Thursday, August 19, 2010

Replication: Distributor not set up correctly

Following some 3rd party scripts to set up replication I got this error:

The Distributor has not been installed correctly. Could not enable database for publishing

To fix this I ran these three scripts.

sp_adddistributor 'NameofDistributorServer';
sp_adddistributiondb N'NameofDatabaseBeingReplicated';
sp_adddistpublisher @publisher = 'NameofDistributorServer', @distribution_db = N'NameofDatabaseBeingReplicated';

This then allowed me to run:

use master;
exec sp_replicationdboption N'NameofDatabaseBeingReplicated ', N'publish', N'true'

Monday, August 2, 2010

70-442

I passed the 70-442 exam: PRO: Designing and Optimizing Data Access by Using Microsoft SQL Server 2005 today, with 910/1000. This now makes me a MCITP: Database Developer - so I must update my CV :-)

I liked this exam although I felt there was a little too much XML and cursors and not enough TSQL. The 70-441 exam felt a bit false and strained - I am going to word this question so that you have to pick one of the new technologies rather than solving a problem.
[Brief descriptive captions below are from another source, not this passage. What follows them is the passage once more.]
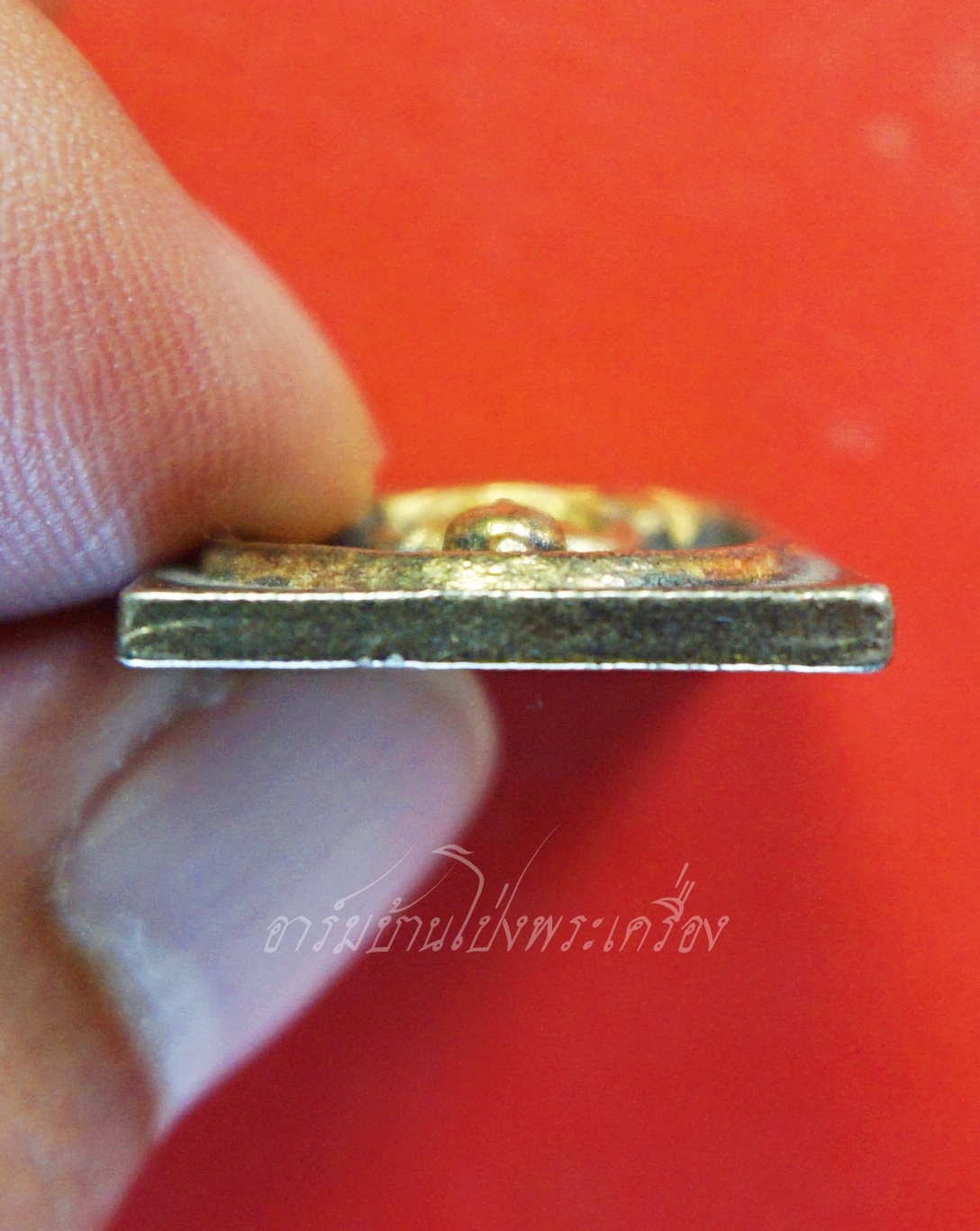 พระสมเด็จ สาริกาลิ้นทอง หลวงพ่อเกษม วัดม่วง จ.อ่างทอง รุ่นเสาร์ห้า ปี๒๕๓๖ เนื้อโลหะทาทอง(องค์ที่1)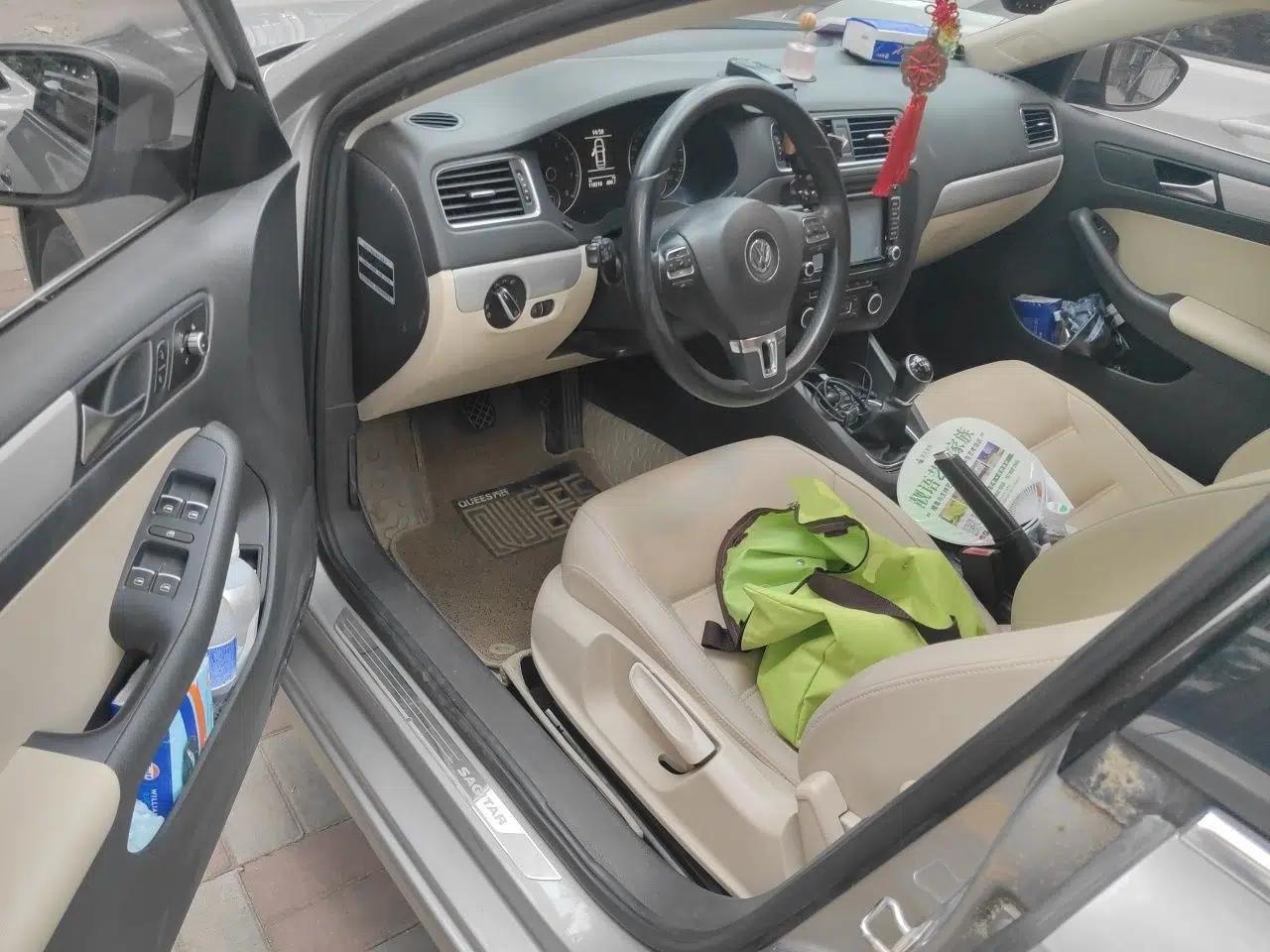 Volkswagen Sagitar 2012 1.4TSI Manual Luxury Model — миниатюра 16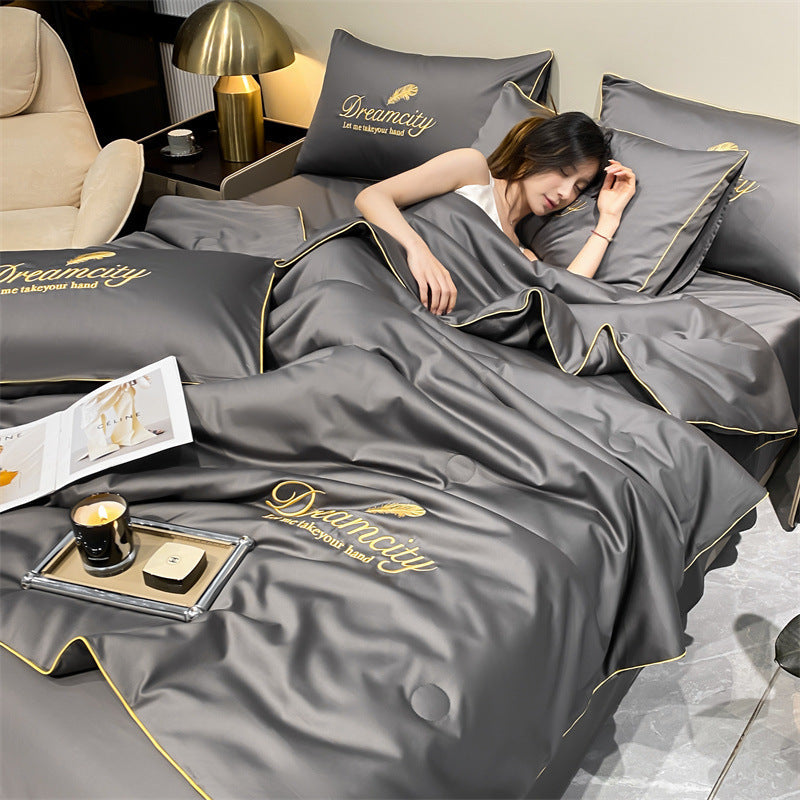 All-season comfort duvet | Karnz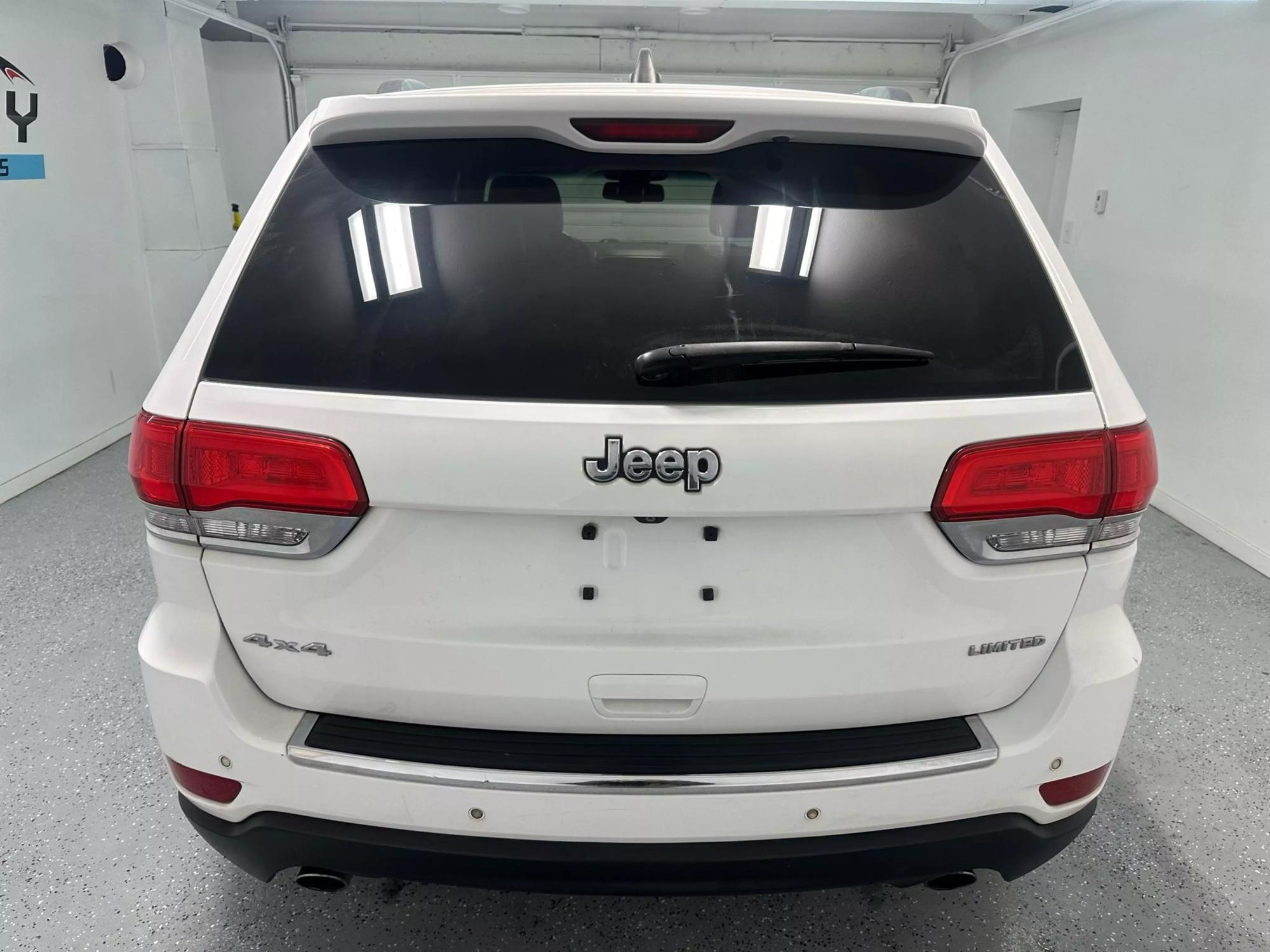 2014 Jeep Grand Cherokee Limited photo 21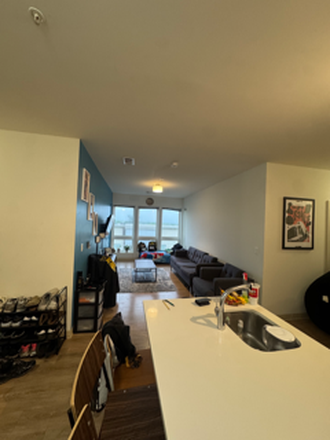 Kitchen - Landmark College Park Apartments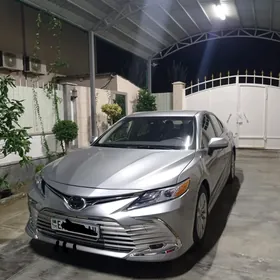 Toyota Camry 2020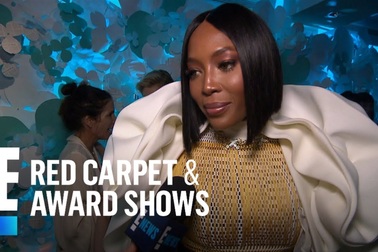 Naomi Campbell trẻ trung, xinh đẹp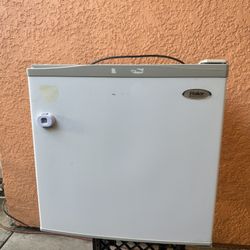 Refrigerator Mini For Sale
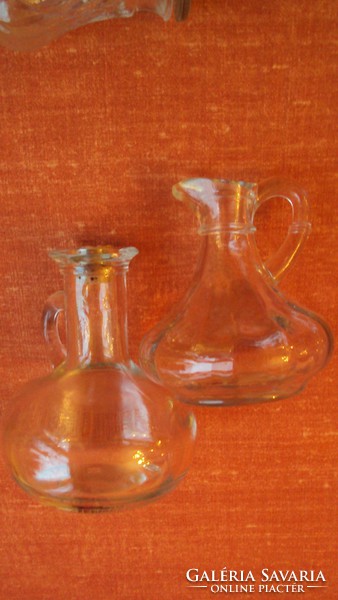 2+2 db.kecses alakú,üvegdugós szervírozó (ecetes,olajos öntetes) üveg.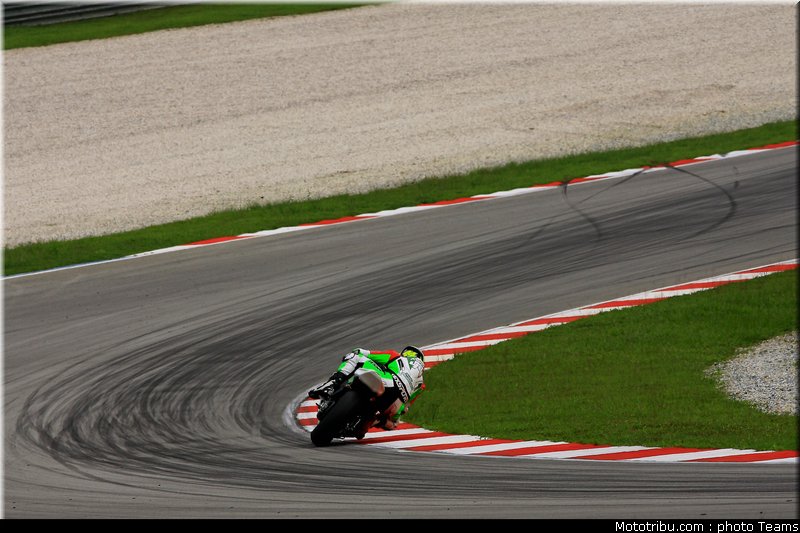 sbk_2011_tests_rolfo_6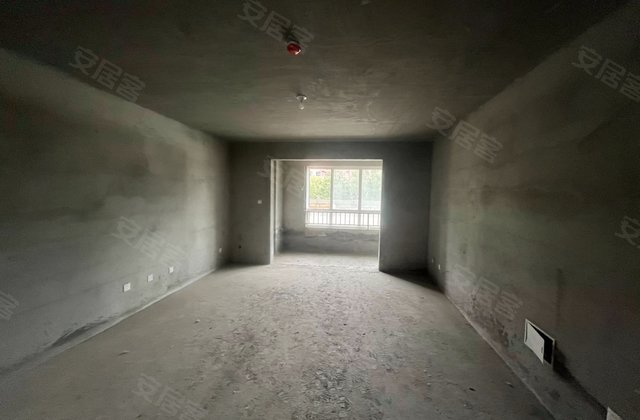 上海现代城西区3室2厅142㎡88万二手房图片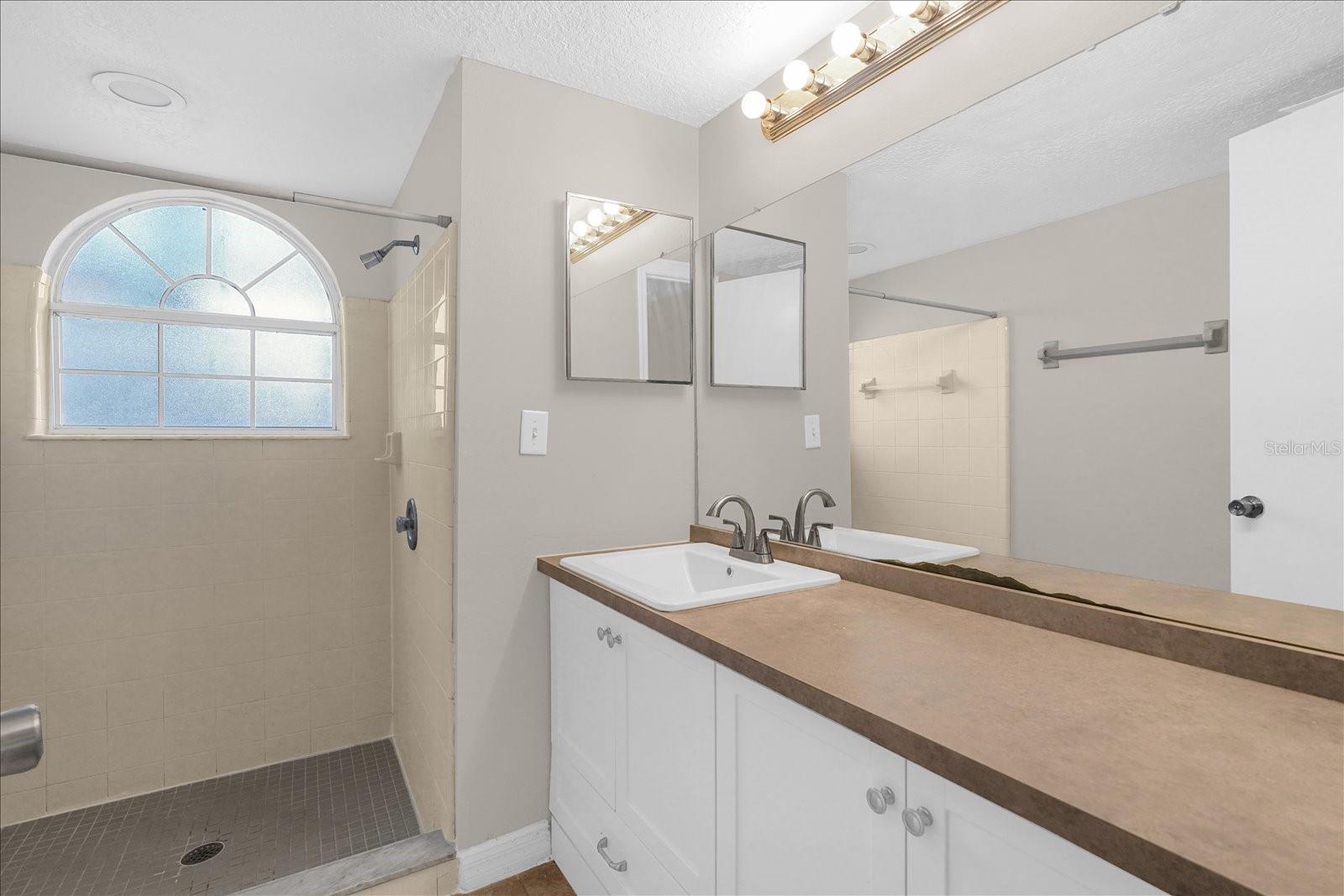 VILLAS AT SOMERSET THE - Residential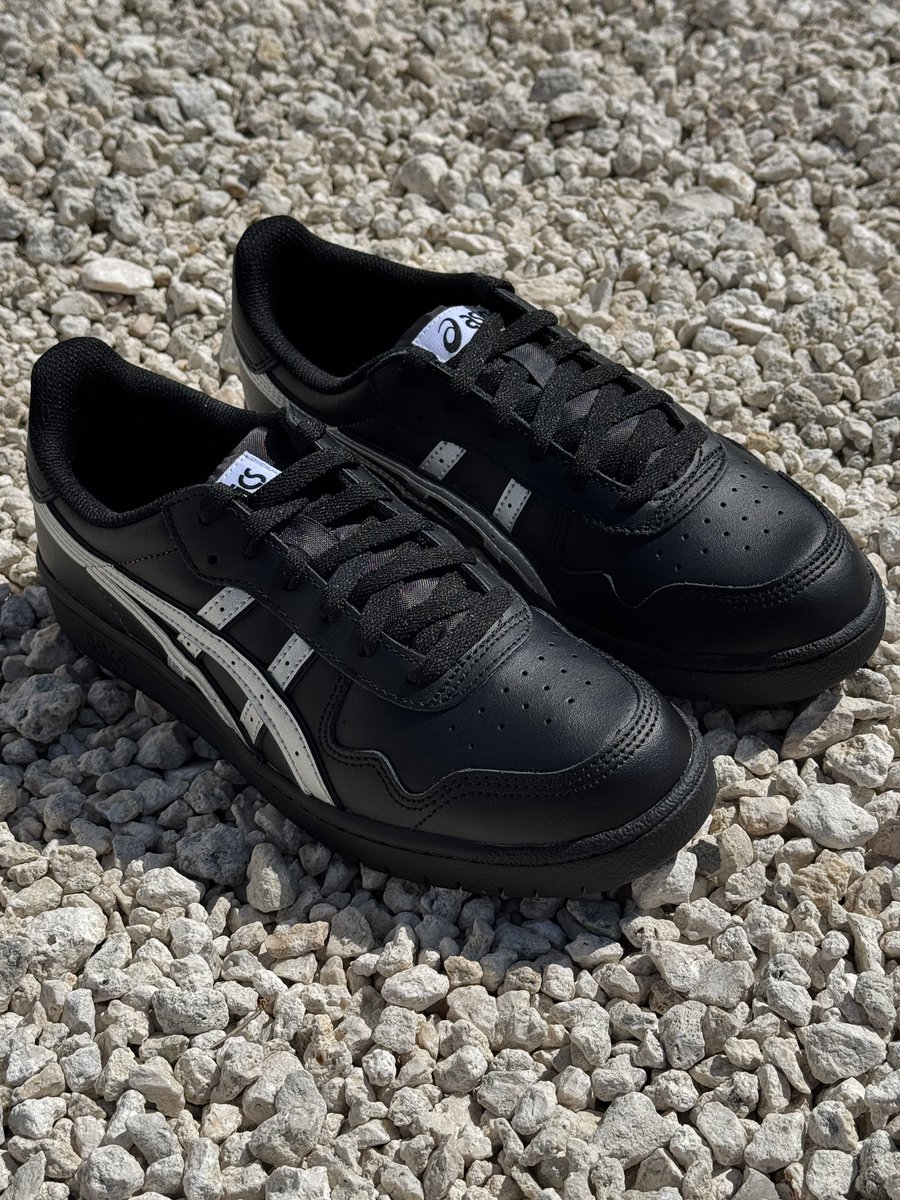 Reliefskate's tweet photo. New Asics Japan Pro Black Pure Silver Shoes Now Available https://t.co/GVBLpU9gvy
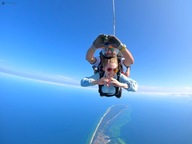 Skok spadochronowy TANDEM z nagrywaniem – SKYDIVE HEL |WOŚP sztab Jastarnia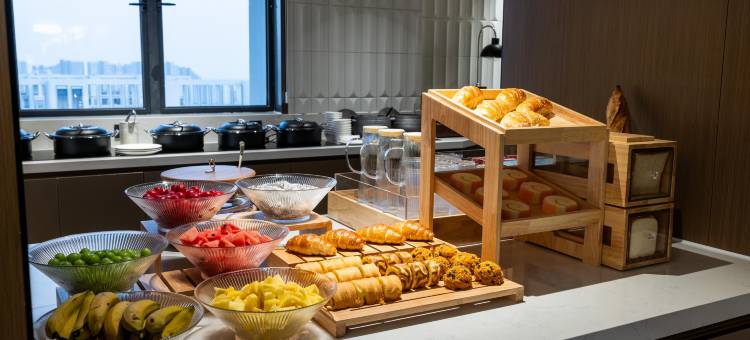 北海银滩大道亚朵酒店图片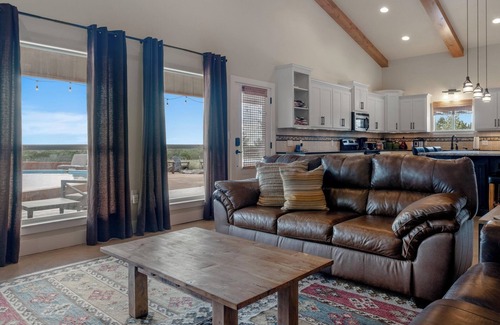 Burnet House | Amazing Views + Private Pool - High Point Ranch!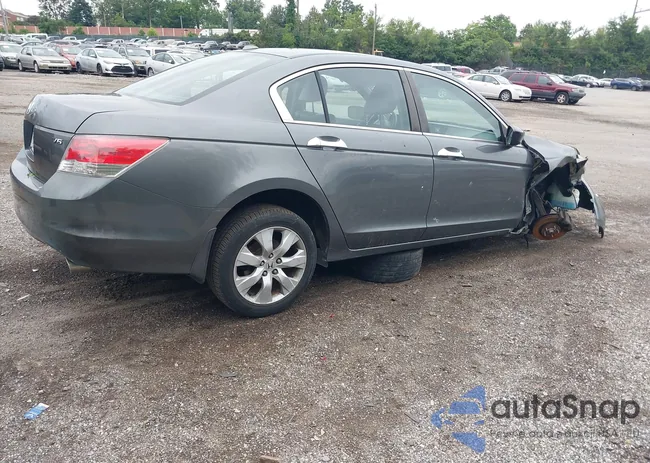 1HGCP3F80AA016445: 42888680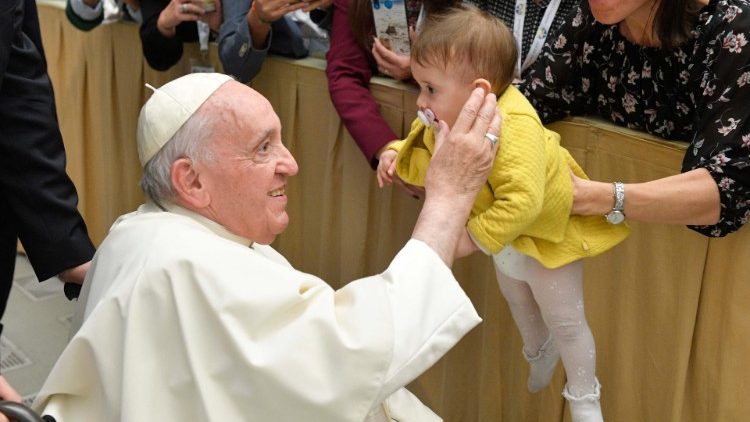 Tantos niños presentes en la audiencia recibieron una caricia y la bendición del Papa.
Well that's that for now, I'll do the 2008 upgrade next year. I will probably go for the 2008 DBA upgrade this year. This year I am planning to take the 70-445 exam: TS: Microsoft SQL Server 2005 Business Intelligence - Development and Maintenance. Then I need the two windows admin exams to finally complete the SLQ 2000 DBA exams. I have been putting those off as I do so little with Windows outside of SQL server and a bit with Active Directory.

Pivot or Sum

A developer was working on a report. The data was originally in a SQL 2000 Server database. The data being used was then transferred into a SQL 2005 database. The original report used SUM and Group BY. Now it was in 2005 Pivot could be used. He wrote a new script and compared results. His question give the same results, is it wrong to assume that SQL Pivot newness means betterness?

Here are the two queries:

Select [Reviewed] + [Logged] as [Queue], [Open] As Development, [Testing], [Pending Imp],
[Open] + [Testing] + [Pending Imp] as [Total In Progress],
[Reviewed] + [Logged] + [Open] + [Testing] + [Pending Imp] as [Grand Total]
from (Select [state] FROM dbo.tblCombinedSnapshto) Datatable
Pivot
(
Count([state])
For [state]
In ([Reviewed], [Logged], [Open], [Testing], [Pending Imp])
) Pivottable;

Select Sum(case when [state] = 'Reviewed' or [state] = 'Logged' then 1 else 0 end) as [Queue],
Sum(case when [state] = 'Open' then 1 else 0 end) as Development,
Sum(case when [state] = 'Testing' then 1 else 0 end) as Testing,
Sum(case when [state] = 'Pending Imp' then 1 else 0 end) as [Pending Imp],
Sum(case when [state] = 'Open' or[state] = 'Testing'
or [state] = 'Pending Imp' then 1 else 0 end) as [Total In Progress],
Count(*) as [Grand Total]
from dbo.tblCombinedSnapshto;

The results were:

PIVOT timing
SQL Server Execution Times:
CPU time = 0 ms, elapsed time = 38 ms.
IO Table 'tblCombinedSnapshto'. Scan count 1, logical reads 8, physical reads 1, read-ahead reads 48, lob logical reads 0, lob physical reads 0, lob read-ahead reads 0.

2000 timing
SQL Server Execution Times:
CPU time = 0 ms, elapsed time = 50 ms.
IO Table 'tblCombinedSnapshto'. Scan count 1, logical reads 8, physical reads 1, read-ahead reads 48, lob logical reads 0, lob physical reads 0, lob read-ahead reads 0.

So for disk usage they were equal. For speed Pivot wins out.

Only a small scale test but worth doing now and then.